= Rosie DiManno =

Canadian journalist

Rosie DiManno (born c. 1956) is a Canadian journalist who has worked at the Toronto Star since beginning her career in 1975. In 2012 the Canadian Olympic Committee honoured DiManno for covering over 10 Olympic games.

==Life and career==
DiManno was born in Toronto to Italian immigrants. She began her career as a sportswriter in 1975. DiManno has been a columnist with the Toronto Star since 1989. Though she continues to write material for the Star sports section, including game coverage of Toronto Blue Jays baseball and Toronto Maple Leafs hockey, her column is much more wide ranging, generally offering opinion and commentary on current local, national or international news stories. Because of her coverage of both sports and current affairs, it is not unusual for DiManno to generate a few thousand words of material for the Star daily.

DiManno is author of several books, including Glory Jays: Canada's World Series Champions, a 1993 book about The Toronto Blue Jays' World Series-winning season, Rosie and the Leafs, a 2000 book about the Toronto Maple Leafs, and Coach: The Pat Burns Story, a biography of National Hockey League Pat Burns.

Claire Sibonney of the Ryerson Review of Journalism described DiManno as a "provocative and unpredictable bad girl". DiManno's writing style has occasionally attracted negative attention internationally.

On July 13, 2016, DiManno was arrested and charged with assault by the Ontario Provincial Police's Bancroft detachment stemming from an incident near Finnegan Lake. On January 10, 2017, the assault charge was dropped, according to DiManno's lawyer.

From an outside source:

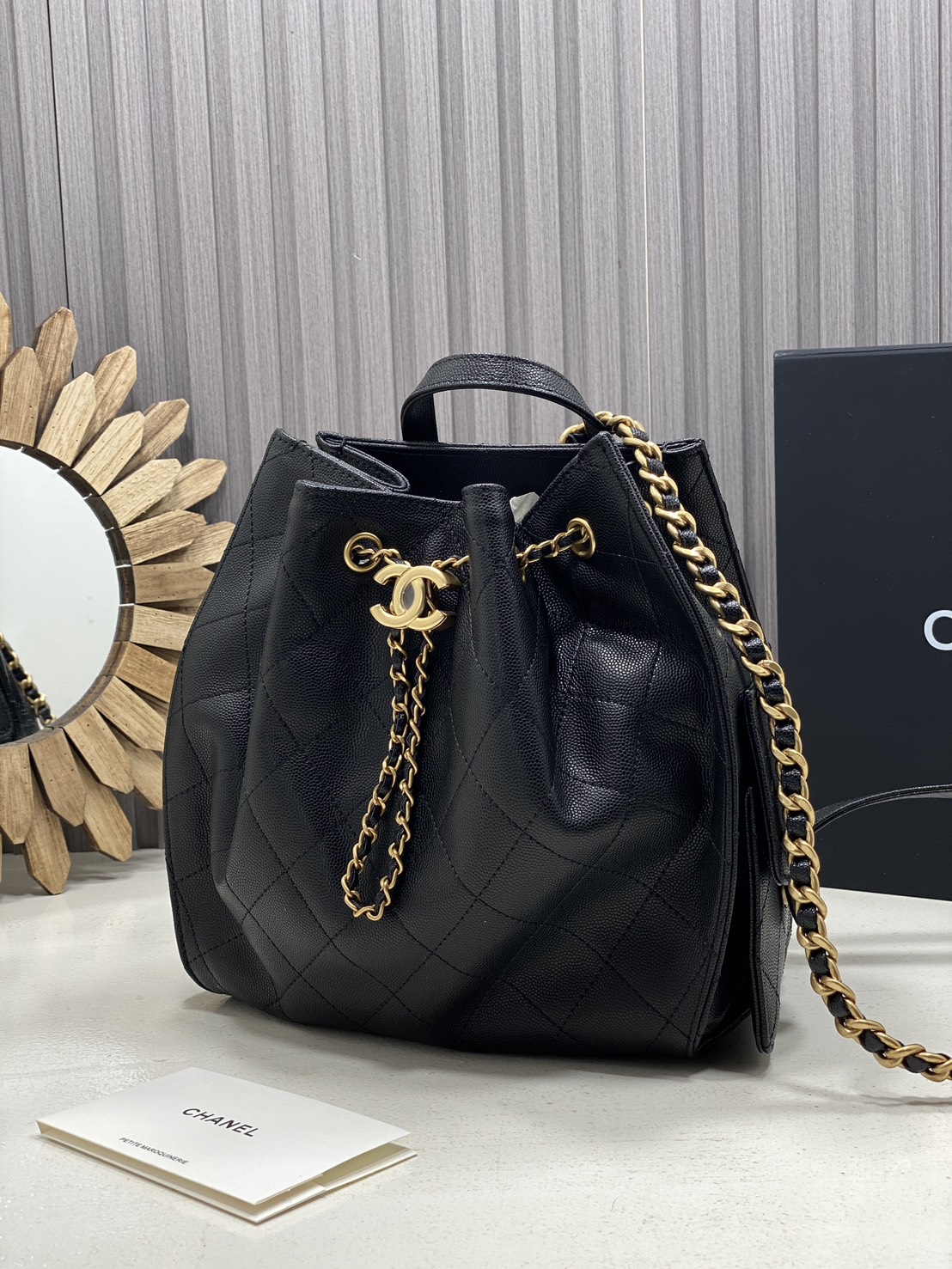ORI หนังแท้ | CHANEL 25 Medium Backpack กระเป๋าสะพายหลัง ดีไซน์ใหม่ล่าสุด สวยเรียบหรูดูแพง Pre-collection Fall/Winter 2025/26 🤍 เกรดออริจินอล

On August 19, 2020, an internal memo was sent to Toronto Star newsroom staff regarding the creation of a new internal ombud role. The position is the first of its kind at the Toronto Star, allowing for all journalists to have a safe space to express concerns of editorial-related discrimination and bias. DiManno responded in a reply-all email that the new role was a "fucking abomination," and has since been condemned for her "hateful, racist" comments in a subsequent letter to management that was signed by more than 60 Toronto Star employees.